Again Jared said nothing. He stared at his hands. So much had been destroyed so quickly—

The firm in Boston belonged to the Stovalls—if they’d kept it. Perhaps Kent and Son already had another name, another owner. The objects from the mantel—the tea bottle, the French sword, the Kentucky rifle—had probably been sold for junk. He thanked God his uncle Gilbert was in his grave, and couldn’t see the straits into which the family had fallen—

Because of me.

The destruction he’d brought down on the Kents only confirmed the feelings about himself that he’d had for so many years. Aunt Harriet always said he was made of the same flawed clay as his mother and father. He believed it today more than he ever had before.

He’d come into the west just as his father had, and the land had defeated him—and that, too, held no surprise.

Now there was the news about Amanda. It should have cheered him. It didn’t. He suspected she was dead. Either at someone else’s hand, or by her own.

He could hardly bear to think of her alive in the circumstances Blackthorn had described. He wished she were with him, if only for a moment, so he could tell her how sorry he was for what he had done to her—

“Kent?”

He glanced up. “Forgive me, General. My mind wanders. You were saying—?”

“I was saying that Black is no loss to the community. But if the law takes that posture, there’s no reason to have law. Nor can I permit you to go scot-free, regardless of how much provocation you had in attacking the man you killed.”

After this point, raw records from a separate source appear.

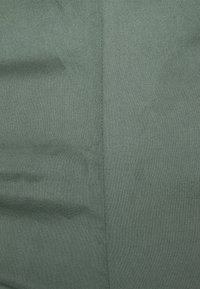 Närbild av grönt tyg med en vertikal söm som löper ner genom mitten, vilket visar fin textur och sömnadsdetaljer.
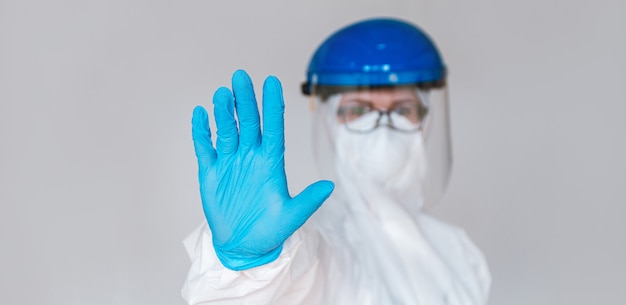 A doctor wearing a protective suit to fight coronavirus pandemic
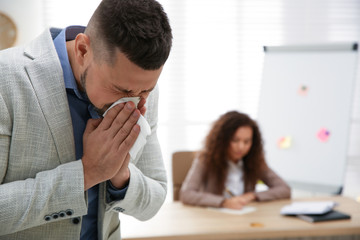 Fototapeta premium Sick man sneezing in office. Influenza virus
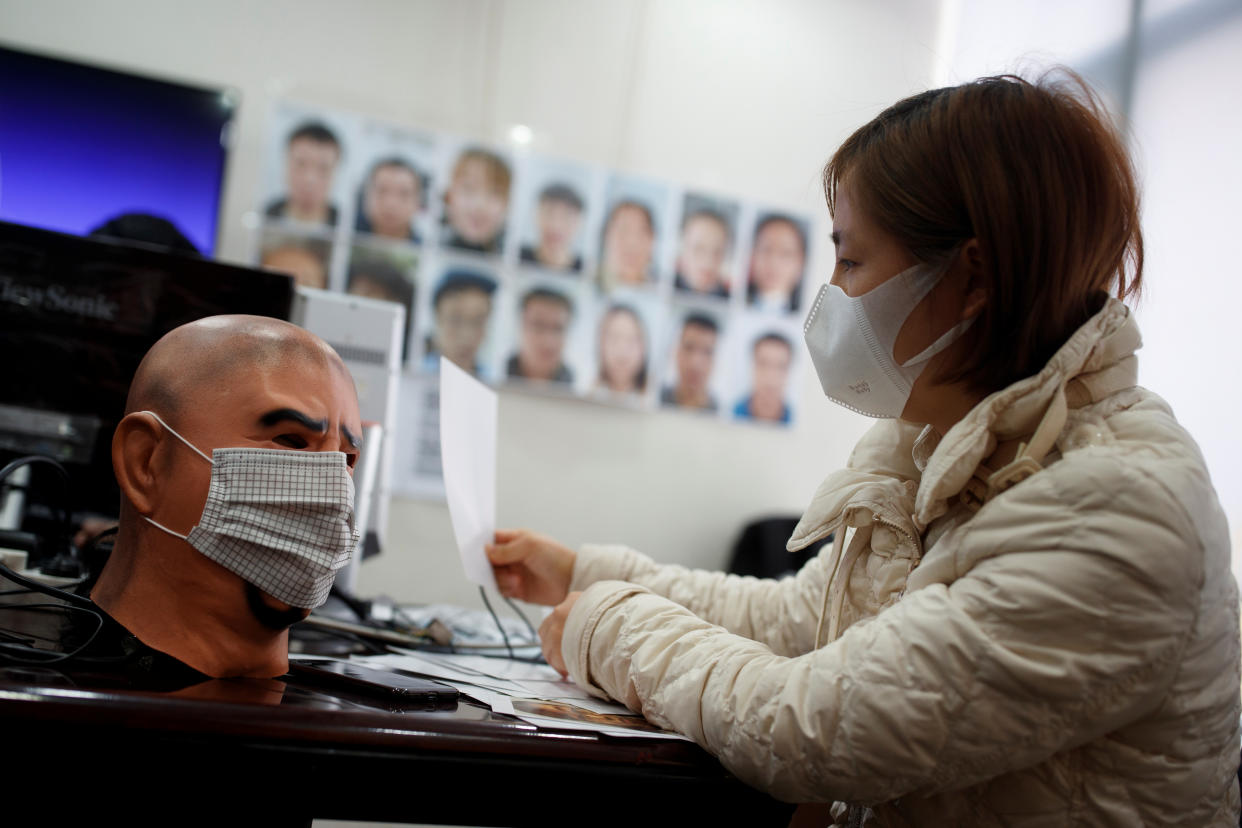 A software engineer tests a facial recognition program that identifies people when they wear a face mask at the development lab of the Chinese electronics manufacturer Hanwang (Hanvon) Technology in Beijing as the country is hit by an outbreak of the novel coronavirus (COVID-19), China, March 6, 2020. Picture taken March 6, 2020.  REUTERS/Thomas Peter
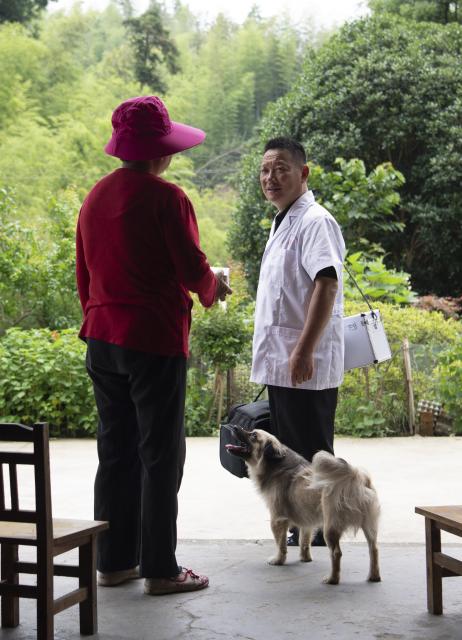 (260823) -- JINZHAI, Aug. 23, 2026 (Xinhua) -- Doctor Yu Jiajun (R) explains medication precautions to villager Wang Jiabi during his home visit in Qishan Village of Mabu Town, Jinzhai County of Lu'an City, east China's Anhui Province, June 26, 2026. Haidao Village of Qishan Village is located deep in the mountains near the Xianghongdian Reservoir area in Jinzhai County of Lu'an City, east China's Anhui Province. Yu Jiajun, the only village doctor, takes charge of health care for more than 500 villagers there and in the surrounding areas.
   In the past, there was no clinic. Villagers had to row a boat for two or three hours to go to the health center in the Mabu Town to see the doctor. 
   After graduating from a medical school, following his father's last wishes, Yu Jiajun gave up his job in the city and returned to the village where he was born to work as a village doctor in the year of 2000. In order to visit his patients timely, Yu and his wife set up their home on a wooden boat, named "Haidao Clinic," and provided medical care to villagers on the boat.
   In recent years, many changes have taken place. The clinic was rebuilt in 2019. With the help of the local government, a standardized diagnosis and treatment building was set up on the shore. Yu's work focus has also shifted from emergency treatment in the past to offering medical service for chronic diseases. 
   However, Yu still need to drive his boat to make visits, as he has been always doing in the past years. Since working as the village doctor, he has changed four boats, conducting more than 20,000 medical consultations at patients' home. 
   Yu joined the Communist Party of China (CPC) in 2014. As a village doctor, he has been fulfilling his own promise to his father and taking the responsibility as a member of the Communist Party. 
   "As long as people need me, I will keep working here," Yu said. (Xinhua/Zhang Duan)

In a tired voice, Jared began, “It was self-defense—”

“The magistrate who hears your case will certainly take that into account. After you’ve served your sentence for disturbing the peace, I’ll grant you an extra ten days’ grace. In that time, you’re to remove yourself from St. Louis. Don’t come back.”

“How long will I be in prison?”

“A minimum of ninety days—you find something amusing, Mr. Kent?”

Jared’s mouth lost its bitter curl. “No, sir. I was just thinking it might as well be ninety years.”

Clark was thrown off guard; he moderated his tone. “Come, you act as if your life’s over—”

“Yes, sir. That’s exactly how it feels.”

ii

The stifling summer dragged on. Jared grew to hate the small, gloomy cell in which he was confined. The jailer allowed him the Bible Mrs. Jackson had given him, but he never opened it. His only reading matter was an occasional copy of the
Missouri Gazette,
which usually contained dismal news from the east.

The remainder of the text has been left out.